Starting problems with your lawn mower fall into 2 basic causes: fuel problems and ignition problems. The following is a simple checklist you can follow to help isolate a possible cause. This is not an exhaustive guide and certainly not a repair manual. However, there a few steps you can take before taking it to the repair shop for a thorough fix.
This is the first and most obvious thing to check, especially if you weren't having startup problems last year. Be sure that the machine has an ample supply of fresh fuel. It's amazing how often people will get their mower out of cold storage the first warm day in spring and find their mower just won't start. Forgetting that they left the fuel in the tank from the previous year. Today's fuels don't age well. In fact today's gasoline is much like milk and starts to go bad quickly, often in as short a period as 60 days.

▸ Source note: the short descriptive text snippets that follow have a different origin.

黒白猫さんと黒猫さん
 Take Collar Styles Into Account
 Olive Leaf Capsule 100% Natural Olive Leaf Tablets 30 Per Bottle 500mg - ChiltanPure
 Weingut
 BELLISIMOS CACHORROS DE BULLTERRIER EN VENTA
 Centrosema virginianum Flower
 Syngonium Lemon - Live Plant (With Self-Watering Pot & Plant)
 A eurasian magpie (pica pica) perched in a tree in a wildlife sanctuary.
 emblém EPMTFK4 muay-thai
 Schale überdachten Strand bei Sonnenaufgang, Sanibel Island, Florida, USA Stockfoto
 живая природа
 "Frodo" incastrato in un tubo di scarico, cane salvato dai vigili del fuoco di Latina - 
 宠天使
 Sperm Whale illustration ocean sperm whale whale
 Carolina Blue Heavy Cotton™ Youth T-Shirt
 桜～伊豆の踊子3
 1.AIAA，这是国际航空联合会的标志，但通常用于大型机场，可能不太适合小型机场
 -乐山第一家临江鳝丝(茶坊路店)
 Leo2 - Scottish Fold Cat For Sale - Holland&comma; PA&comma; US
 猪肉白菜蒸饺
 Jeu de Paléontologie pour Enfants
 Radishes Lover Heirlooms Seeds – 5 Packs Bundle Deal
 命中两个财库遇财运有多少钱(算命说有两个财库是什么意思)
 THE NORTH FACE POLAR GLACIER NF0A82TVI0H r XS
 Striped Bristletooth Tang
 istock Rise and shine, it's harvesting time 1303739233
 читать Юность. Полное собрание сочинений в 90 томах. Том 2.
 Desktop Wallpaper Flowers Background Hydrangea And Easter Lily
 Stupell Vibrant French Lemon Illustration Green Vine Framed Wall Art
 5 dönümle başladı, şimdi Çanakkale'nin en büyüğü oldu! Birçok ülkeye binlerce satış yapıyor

Make sure that the ignition switch is "on", that all attachments are disengaged and that the transmission is in neutral. Most machines have safety mechanisms that will not allow them to start otherwise. Consult your owner's manual for the starting procedure for your machine.
Make sure the spark plug wire is firmly attached to the spark plug.
If it still doesn't start, check for a spark by removing the spark plug and grounding the "hex" part of the spark plug to a bare metal part of the engine. Remove any spilled gasoline that is nearby first, then spin the engine by pulling the rope or turning the key. You should see a blue spark jump across the plug gap. If you have a good hot spark, skip to the carburetor section.
lf the spark is yellow and weak, or there is no spark then the first thing to do is try a new spark plug. Don't try cleaning the old one. Set the new plug gap to the proper spec (usually 0.030") and check for spark again. If you do see a spark, install the new plug and try to start the machine.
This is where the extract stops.